団地ともお」と「小雨ちゃん」。「小雨ちゃん」は最初の作品集ということだが、すでに完成されている。感情が一人のものであること、ささやかなコミュニケーションと根本的に人が一人であるという、当たり前のこと。
「天国までの100マイル」は田中陽造脚本だが、厳しかった。一つ一つのエピソードが退屈でしかない。ロードムービーにもなっていない。
「アンソニーのハッピー・モーテル」ビリーのキャラが金持ちの友達が嫌な感じのお兄さんに馬鹿にされてるのに大好きだったり、三人組で微妙に仲間はずれにされてたりとかで、面白いはずなのだが、面白くない。ジェイムスカーンが空手の達人なのは面白かった。

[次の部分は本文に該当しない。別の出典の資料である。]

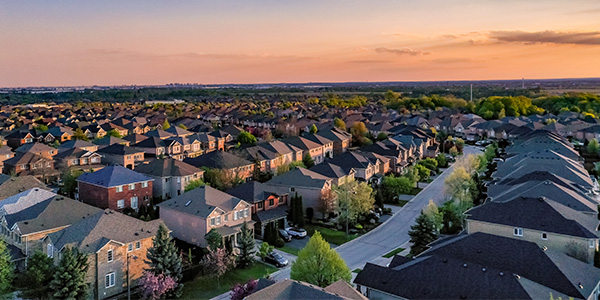 view of subdivision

「マイボディガード」デンゼルワシントンが甦って、超人になる瞬間が見られなかったのが残念。許されざる者で酒を飲む瞬間のような。最後、自分で自分の命を絶たないのは、殉教者として正しいと思う。ダコタファニングは「宇宙戦争」同様、場面によって母親、聖母やおばあさんや成熟した女に見える。全体として雑な所があり、一度自殺を試みるが失敗する所がうまく話全体につながっていないのと、メキシコの煉獄感や、街中を敵に回している感じがでていないし、デンゼルワシントンが復讐の鬼というようにあまり見えない。冷静さが怖ろしさにつながっていない。しかし昔のアクション映画のような荒涼感はあってそこはよかった。デンゼルワシントンがハンサムすぎたか。クリストファーウォーケンの、画面に映った瞬間に狂ってる感はすばらしいので、もっと絡んで欲しかった。過去をはっきり明かさないのはいいと思うが、デンゼルワシントンの代弁者として語ることはもっとあってよかったし、デンゼルとの関係のありようももっと何かあってよかったと思う。「コラテラル」のほうが好きなのは、抜き差しならない二人の関係が存在するからだと思う。デンゼルワシントンとダコタファニングの関係をもっと突き詰めてほしかった。